Aqui nos aproximamos de uma possível resposta a questão que ficou em aberto até agora: “o que” compartilha e até predomina enquanto causa efficiens, na constituição de um “dar-se da informática”? Não sendo a pessoa que detém plenos poderes no exercício desta responsabilidade, este algo mais, deve ser assumido pelas demais causas. Considerando que a teoria aristotélica das quatro causas, conforme interpretada por Heidegger, permanece válida na abordagem da técnica, só nos resta conceder as demais causas uma co-responsabilidade diferenciada e superior à causa efficiens.

Na constituição de um “dar-se da informática”, o computador, como causa formalis, aporta mais do que simples forma. A linguagem e a configuração técnica do computador, podem ser responsabilizadas pela arregimentação dos demais elementos, inclusive a pessoa. Ela não só deve conhecer esta linguagem, mas conformar o seu pensar a ela. A “racionalidade” programada nos circuitos, nas estruturas de dados simbólicos e nos programas do computador do computador deve ser apropriada pela pessoa que dele quer fazer qualquer uso. Esta apropriação pode ter sérias consequências para liberdade da razão humana.

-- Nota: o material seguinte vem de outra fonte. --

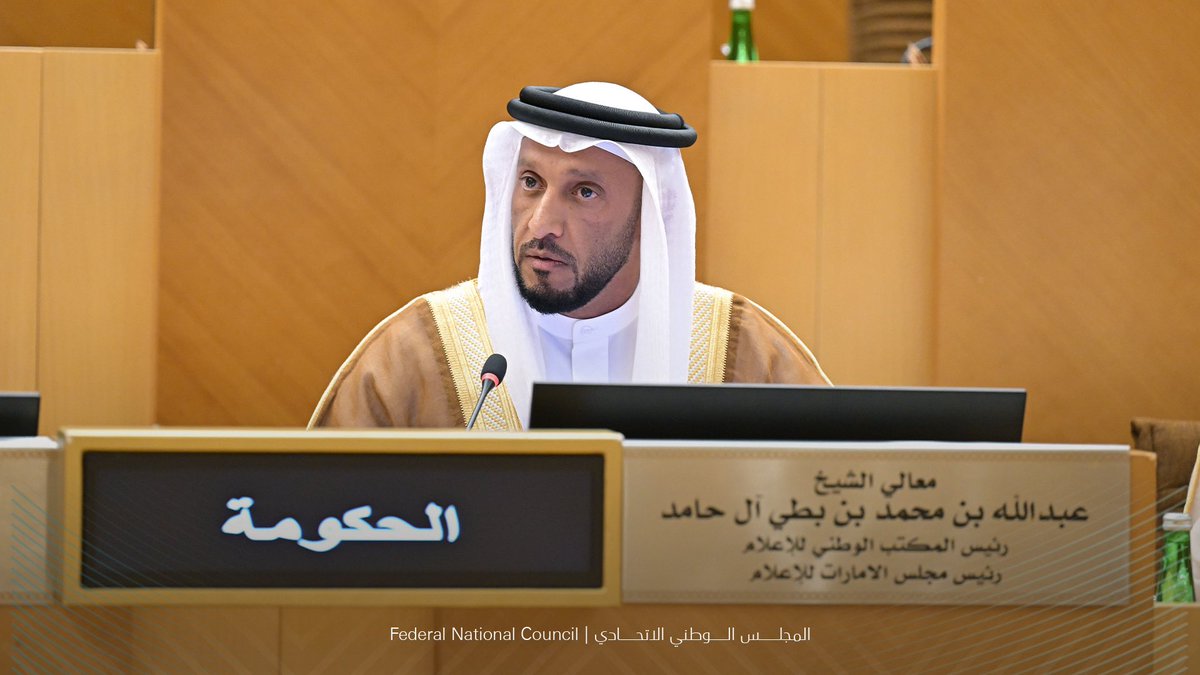 fnc_uae's tweet photo. #المجلس_الوطني_الاتحادي يناقش تقرير شؤون التعليم والثقافة والشباب والرياضة والإعلام، بحضور معالي الشيخ عبدالله بن محمد بن بطي آل حامد رئيس المكتب الوطني للإعلام، رئيس مجلس الإمارات للإعلام، حول موضوع سياسة الحكومة في تعزيز دور الإعلام الحكومي لتأصيل المحتوى وترسيخ الهوية الوطنية، وذلك وفق محوري: التشريعات المنظمة للإعلام في الدولة، وسياسات واستراتيجيات الدولة لتأصيل المحتوى وترسيخ الهوية الوطنية.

O reflexo da pessoa e do contexto imediato, enquanto causa materialis, deve se conformar às “disposições e dispositivos” do computador. Por conseguinte, se estabelece não mais em sua pureza diretamente visível, mas através de um reflexo que doravante orienta os resultados informacionais e comunicacionais a serem obtidos pela constituição de um “dar-se da informática”.

O problema, iluminado pelo meio como causa finalis, se define enquanto tal pelas propriedades que adquire em sua formatação informacional e comunicacional. O “discurso do método informacional” ganha seu lugar privilegiado na ciência, orientando toda e qualquer disciplina segundo uma abordagem única. O sonho do método universal parece ter se materializado, ou melhor dizendo ter se “maquinado”. A “maquina universal”, cristalização do “método universal”, doravante guia a constituição de um qualquer “dar-se da informática”, assumindo parte do papel da causa efficiens.

Sob a luz do meio técnico-científico-informacional as causas aristotélicas se reconfiguraram. A metafísica de uma época define e conforma as causas em sua conjunção, ou nos termos propostos por Heidegger, os modos, solidários entre si, do “ato do qual se responde”. Não temos uma potencialização do ser humano como apregoam os entusiastas da informatização, mas uma despontencialização. A reflexão sobre esta despontencialização carece de ser feita com a máxima urgência. As gerações que se desenvolvem sob esta despontencialização podem estar diante de uma perda lamentável, sua essência humana, ou sua alma. Mas isto é o objeto de nossa conclusão, que não devemos antecipar.